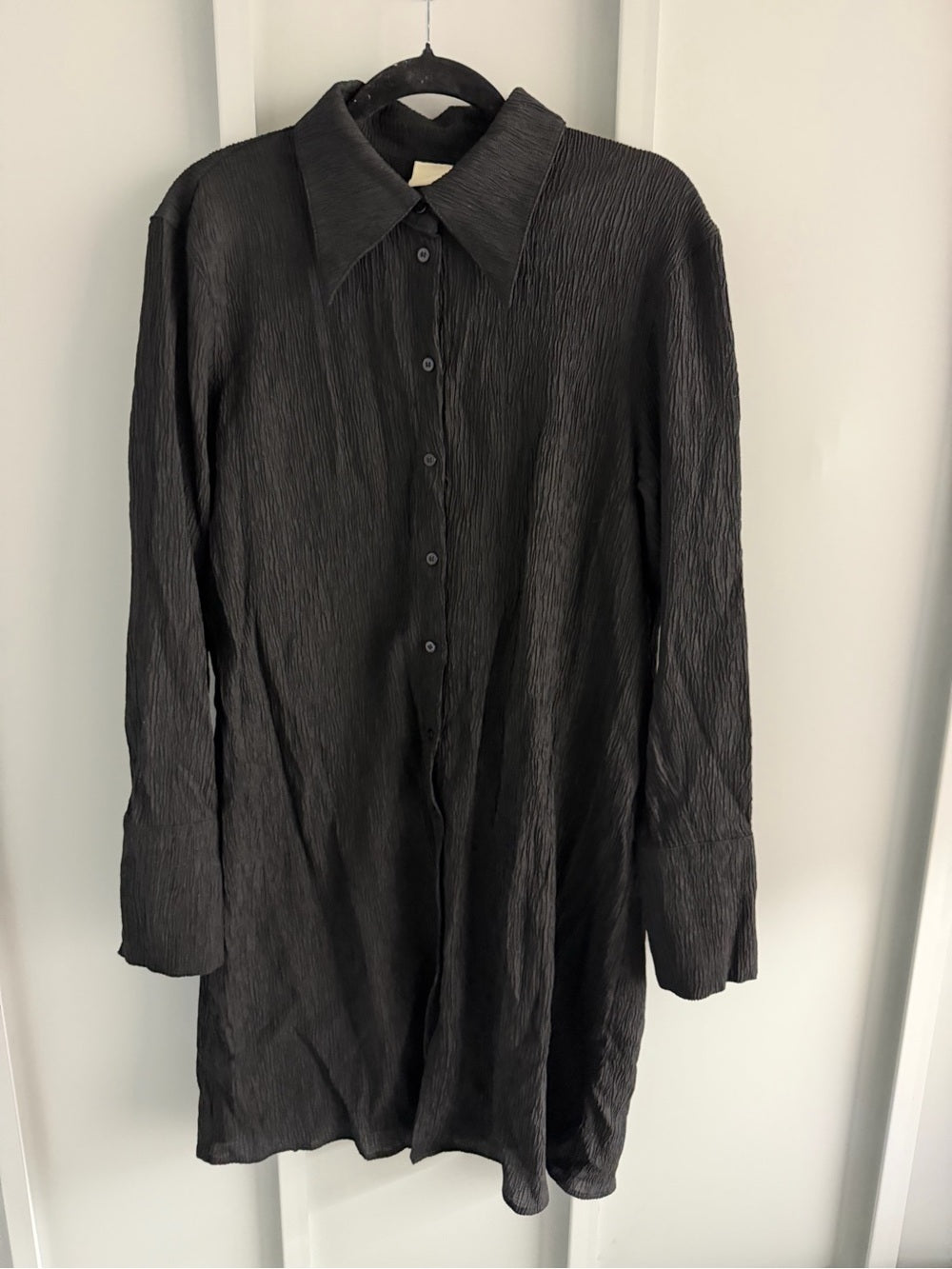 H&M Black Crinkled Midi Dress / Beach Cover-Up Size S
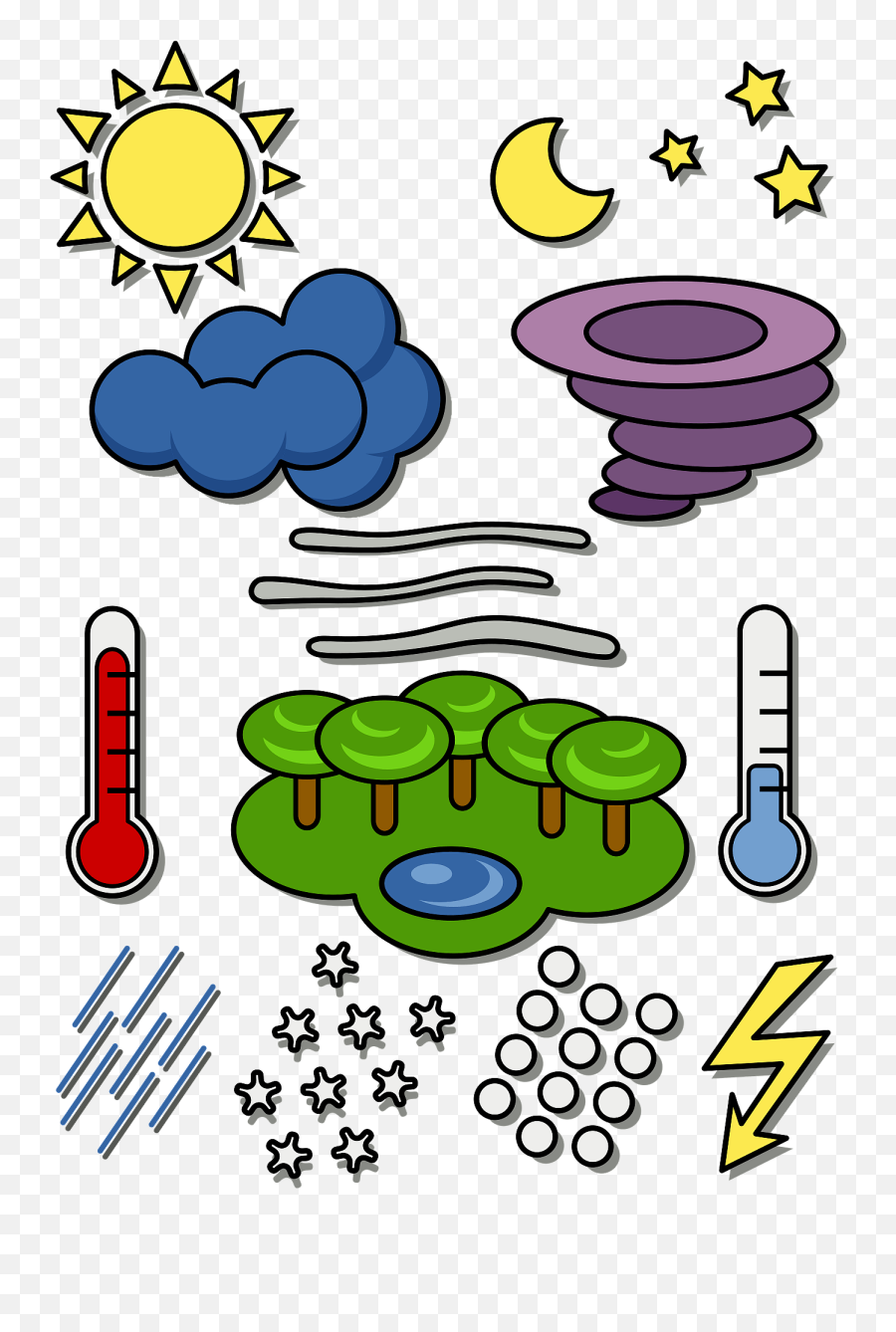 Weather Icons Clipart - Forces Of Nature Kids Emoji,Weather Emojis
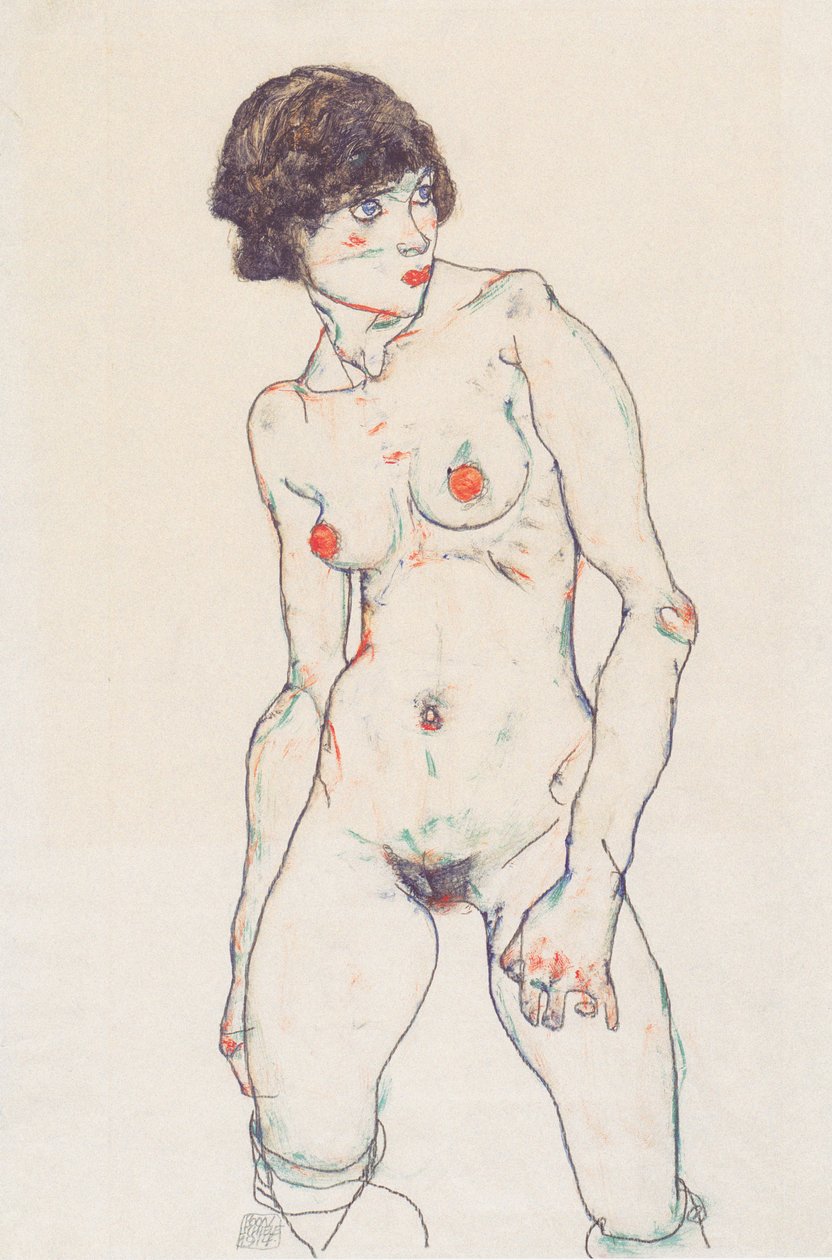 与丝袜的常设女性裸体 作者 埃贡·席勒（Egon Schiele）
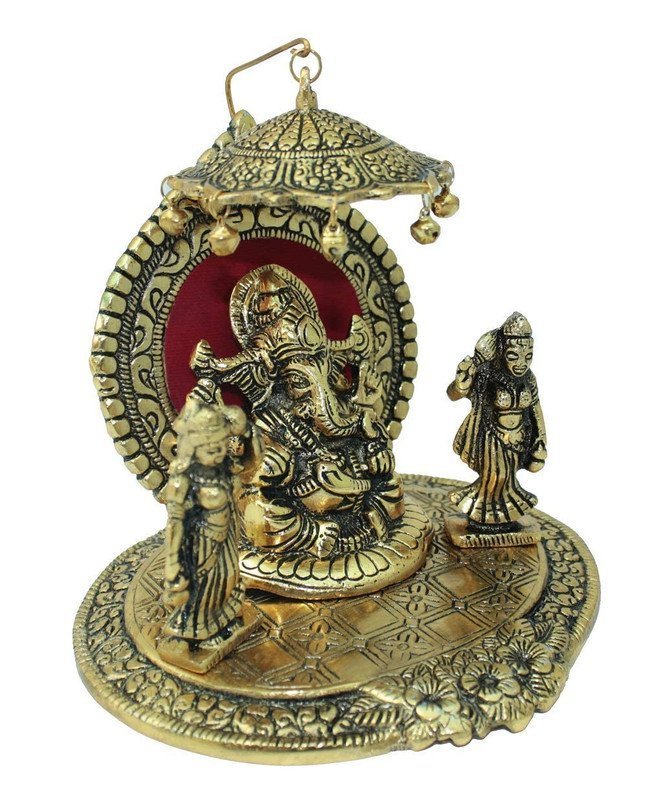 Brass Ganesha with Riddhi Siddhi Statue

______________________________

* [Aim of the task] Return the listing unchanged, but drop every picture.

* [Output for this task]
 H&M Black Crinkled Midi Dress / Beach Cover-Up Size S
 Weather Icons Clipart - Forces Of Nature Kids Emoji,Weather Emojis
 与丝袜的常设女性裸体 作者 埃贡·席勒（Egon Schiele）
 Brass Ganesha with Riddhi Siddhi Statue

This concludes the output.